Set down each line of the data exactly, but not the pictures.

- Recorded information:
Segment Open

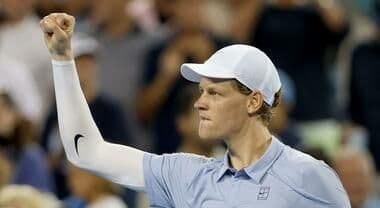 Jannik Sinner thể hiện sự quyết tâm và tự tin trong quá trình chuẩn bị cho US Open.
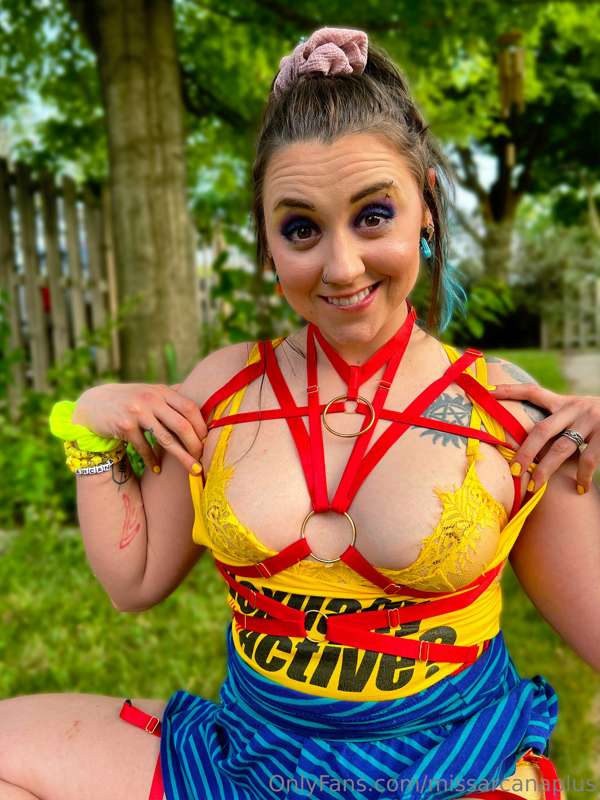 (27-39) The rest of all the Yellow pics! Because we know you.. 13
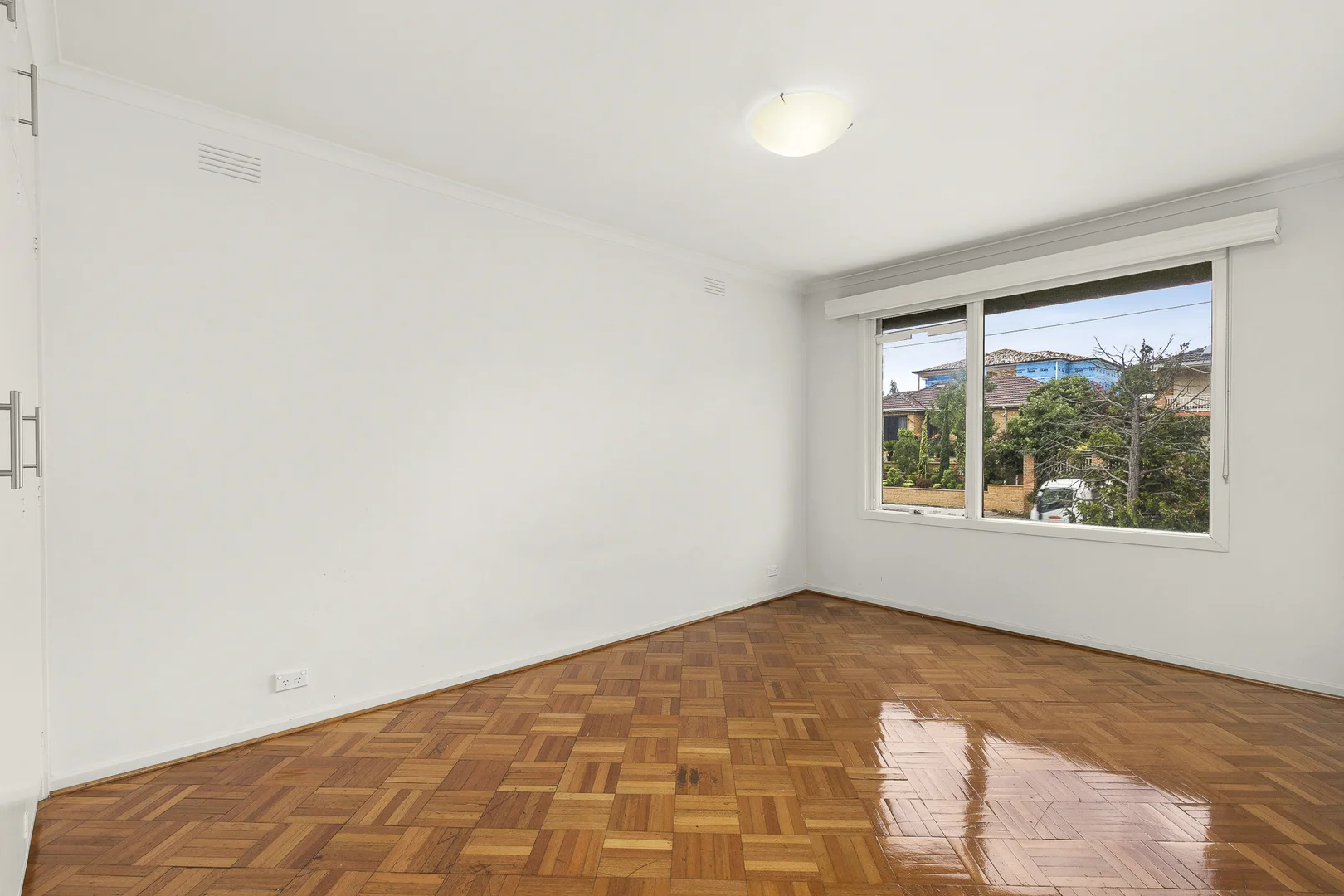 Additional image 2 of 4/343 Doncaster Road, Balwyn North VIC 3104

Segment Closed

- Response box:
 Jannik Sinner thể hiện sự quyết tâm và tự tin trong quá trình chuẩn bị cho US Open.
 (27-39) The rest of all the Yellow pics! Because we know you.. 13
 Additional image 2 of 4/343 Doncaster Road, Balwyn North VIC 3104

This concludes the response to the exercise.